# Bachelor of information technology syllabus



## Maniacalgeek (Aug 20, 2014)

Hey guys 
I want to know is there any difference in syllabus of BACHELOR OF INFORMATION TECHNOLOGY in Australia and India?Here is the Australian oneCourse structure | Bachelor of Information Technology | Undergraduate | Courses | Charles Sturt University and here is the Indian one*www.google.co.in/url?sa=t&rct=j&q=&esrc=s&source=web&cd=8&cad=rja&uact=8&ved=0CFkQFjAH&url=http%3A%2F%2Fwww.manit.ac.in%2Fyear2010%2FScheme_Syllabus%2FBTech%2FCSE_IT%2FSchemes_Syllabus_BTech_IT.pdf&ei=YLnzU-j-JI-HuATYlYHABw&usg=AFQjCNEkZW14yaQTYUVQLFis1bk70h7-pg&sig2=nEkOM9KwX0LcyLppSI0Few&bvm=bv.73231344,d.c2E.Which one them is more software oriented and have less microprocessor and other electronic sh!t.Does Australian graduation be helpful in my hacking career?

- - - Updated - - -

Anyone???


----------



## Esoteric Eric (Aug 22, 2014)

Depends on where you wish to start working.
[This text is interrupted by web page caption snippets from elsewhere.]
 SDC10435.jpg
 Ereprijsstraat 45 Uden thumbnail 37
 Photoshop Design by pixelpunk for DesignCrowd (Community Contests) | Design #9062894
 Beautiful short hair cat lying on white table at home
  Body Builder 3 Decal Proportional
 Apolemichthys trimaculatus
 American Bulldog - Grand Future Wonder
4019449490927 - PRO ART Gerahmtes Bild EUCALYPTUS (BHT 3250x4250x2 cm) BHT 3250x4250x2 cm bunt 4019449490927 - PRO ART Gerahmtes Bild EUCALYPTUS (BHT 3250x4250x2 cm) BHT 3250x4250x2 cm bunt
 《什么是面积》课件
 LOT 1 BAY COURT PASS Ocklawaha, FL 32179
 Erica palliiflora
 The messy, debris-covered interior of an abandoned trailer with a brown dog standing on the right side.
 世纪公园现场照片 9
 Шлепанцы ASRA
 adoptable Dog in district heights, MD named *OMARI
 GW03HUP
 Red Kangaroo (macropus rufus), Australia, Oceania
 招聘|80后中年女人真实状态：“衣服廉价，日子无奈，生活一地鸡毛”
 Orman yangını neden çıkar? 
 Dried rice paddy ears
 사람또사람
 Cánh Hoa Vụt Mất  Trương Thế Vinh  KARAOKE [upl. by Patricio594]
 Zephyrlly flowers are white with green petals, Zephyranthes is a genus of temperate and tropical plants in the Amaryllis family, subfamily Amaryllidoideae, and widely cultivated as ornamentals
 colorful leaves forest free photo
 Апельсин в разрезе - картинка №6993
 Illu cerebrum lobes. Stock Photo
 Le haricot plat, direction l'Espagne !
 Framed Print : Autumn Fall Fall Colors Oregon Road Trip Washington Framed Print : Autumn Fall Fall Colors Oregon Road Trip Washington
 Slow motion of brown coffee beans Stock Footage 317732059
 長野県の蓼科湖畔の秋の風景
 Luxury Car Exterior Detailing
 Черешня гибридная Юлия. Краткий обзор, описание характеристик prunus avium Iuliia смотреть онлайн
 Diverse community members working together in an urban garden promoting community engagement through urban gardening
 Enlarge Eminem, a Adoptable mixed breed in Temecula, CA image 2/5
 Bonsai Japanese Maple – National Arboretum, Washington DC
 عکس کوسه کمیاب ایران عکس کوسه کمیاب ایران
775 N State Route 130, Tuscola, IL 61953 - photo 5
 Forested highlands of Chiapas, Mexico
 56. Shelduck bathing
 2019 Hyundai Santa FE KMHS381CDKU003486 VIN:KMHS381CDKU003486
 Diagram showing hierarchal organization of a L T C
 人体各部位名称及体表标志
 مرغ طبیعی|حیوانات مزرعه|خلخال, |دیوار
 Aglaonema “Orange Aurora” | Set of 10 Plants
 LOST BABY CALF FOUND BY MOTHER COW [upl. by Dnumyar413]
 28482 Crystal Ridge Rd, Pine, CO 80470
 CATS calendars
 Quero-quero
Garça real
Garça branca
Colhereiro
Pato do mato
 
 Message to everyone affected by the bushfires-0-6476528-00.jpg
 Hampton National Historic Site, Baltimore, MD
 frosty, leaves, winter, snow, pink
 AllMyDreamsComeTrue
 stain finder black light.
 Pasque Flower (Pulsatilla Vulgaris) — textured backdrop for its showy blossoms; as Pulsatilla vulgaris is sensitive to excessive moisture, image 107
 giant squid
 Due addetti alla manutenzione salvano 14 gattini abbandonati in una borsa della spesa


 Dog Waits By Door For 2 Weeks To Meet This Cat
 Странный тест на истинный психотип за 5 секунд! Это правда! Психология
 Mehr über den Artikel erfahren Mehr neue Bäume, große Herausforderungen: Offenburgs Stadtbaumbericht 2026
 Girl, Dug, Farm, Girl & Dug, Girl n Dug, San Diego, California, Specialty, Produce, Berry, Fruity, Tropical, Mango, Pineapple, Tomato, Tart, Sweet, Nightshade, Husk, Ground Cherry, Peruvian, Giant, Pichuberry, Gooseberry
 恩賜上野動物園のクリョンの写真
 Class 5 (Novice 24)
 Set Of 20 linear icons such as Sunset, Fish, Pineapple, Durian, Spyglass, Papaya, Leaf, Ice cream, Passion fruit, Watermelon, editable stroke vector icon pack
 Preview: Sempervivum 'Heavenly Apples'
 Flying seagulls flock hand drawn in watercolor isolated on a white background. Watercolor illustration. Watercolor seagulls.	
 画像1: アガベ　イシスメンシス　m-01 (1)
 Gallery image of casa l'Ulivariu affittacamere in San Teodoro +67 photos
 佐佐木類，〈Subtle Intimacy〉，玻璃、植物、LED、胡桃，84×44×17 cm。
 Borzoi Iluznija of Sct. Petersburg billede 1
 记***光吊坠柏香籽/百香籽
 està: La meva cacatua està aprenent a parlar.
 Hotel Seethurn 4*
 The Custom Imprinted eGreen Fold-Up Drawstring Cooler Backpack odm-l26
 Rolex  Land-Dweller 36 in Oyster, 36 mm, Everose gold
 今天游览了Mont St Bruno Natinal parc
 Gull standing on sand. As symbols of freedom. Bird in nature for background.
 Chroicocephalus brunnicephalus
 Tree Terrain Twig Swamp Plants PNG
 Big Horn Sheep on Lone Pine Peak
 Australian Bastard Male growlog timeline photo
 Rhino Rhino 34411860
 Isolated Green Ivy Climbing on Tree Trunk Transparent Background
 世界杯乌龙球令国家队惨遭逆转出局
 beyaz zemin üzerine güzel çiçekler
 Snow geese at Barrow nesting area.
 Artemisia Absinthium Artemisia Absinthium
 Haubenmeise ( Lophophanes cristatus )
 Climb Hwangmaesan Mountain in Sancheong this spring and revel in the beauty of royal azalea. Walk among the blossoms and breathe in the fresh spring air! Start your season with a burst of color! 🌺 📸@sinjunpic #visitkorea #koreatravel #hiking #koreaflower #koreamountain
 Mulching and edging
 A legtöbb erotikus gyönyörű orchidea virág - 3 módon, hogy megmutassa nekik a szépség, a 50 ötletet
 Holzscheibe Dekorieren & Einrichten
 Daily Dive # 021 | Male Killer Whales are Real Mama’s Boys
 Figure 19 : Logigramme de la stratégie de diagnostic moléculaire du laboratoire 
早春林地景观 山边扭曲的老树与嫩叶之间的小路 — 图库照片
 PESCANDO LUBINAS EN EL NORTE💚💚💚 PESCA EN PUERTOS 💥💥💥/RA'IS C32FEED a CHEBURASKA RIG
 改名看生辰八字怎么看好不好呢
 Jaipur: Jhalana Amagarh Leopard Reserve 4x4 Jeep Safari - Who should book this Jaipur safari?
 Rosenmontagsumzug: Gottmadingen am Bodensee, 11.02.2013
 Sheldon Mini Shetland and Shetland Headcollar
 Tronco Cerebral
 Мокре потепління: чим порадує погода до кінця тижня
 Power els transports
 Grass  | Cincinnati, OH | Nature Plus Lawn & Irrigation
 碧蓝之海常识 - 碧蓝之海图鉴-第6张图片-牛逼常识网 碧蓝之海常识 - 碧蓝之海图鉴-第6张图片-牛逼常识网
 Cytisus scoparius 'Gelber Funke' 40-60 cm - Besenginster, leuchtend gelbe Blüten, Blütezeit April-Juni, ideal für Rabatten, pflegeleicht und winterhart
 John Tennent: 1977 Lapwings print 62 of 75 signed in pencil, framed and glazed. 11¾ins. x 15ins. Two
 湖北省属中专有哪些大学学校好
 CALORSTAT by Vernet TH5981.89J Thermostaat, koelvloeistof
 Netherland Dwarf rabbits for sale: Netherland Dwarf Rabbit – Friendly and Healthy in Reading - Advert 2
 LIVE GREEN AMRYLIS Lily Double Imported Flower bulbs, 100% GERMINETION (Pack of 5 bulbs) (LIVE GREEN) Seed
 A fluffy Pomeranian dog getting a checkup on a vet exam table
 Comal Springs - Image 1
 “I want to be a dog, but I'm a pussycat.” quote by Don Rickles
Every job market is based off its geography, so unless you live in Australia you are probably better off sticking with the Indian course.

And remember, _you do not get to choose_ what you study even at the level of graduation. That's a sad reality. I too, had to study chemistry and environmental studies in my First year way back when I was in college. So you don't have much leeway here.

Regarding 'Electronic Sh!t', the only topic you might find difficult would be 'Devices and Circuits' especially, Analog Devices _which isn't even there in your syllabus_ so from what I see there is nothing extra. And besides, Microprocessor is a very important subject which pulls you further down to assembly level. And no, you will not study how to manufacture them, instead you'll just learn to program (its easy, trust me)



Maniacalgeek said:


> Hey guys
> I want to know is there any difference in syllabus of BACHELOR OF INFORMATION TECHNOLOGY in Australia and India?Here is the Australian oneCourse structure | Bachelor of Information Technology | Undergraduate | Courses | Charles Sturt University and here is the Indian one.Which one them is more software oriented and have less microprocessor and other electronic sh!t.Does Australian graduation be helpful in my hacking career?



^Fixed the link for you. Others, just scroll down to Page 49


----------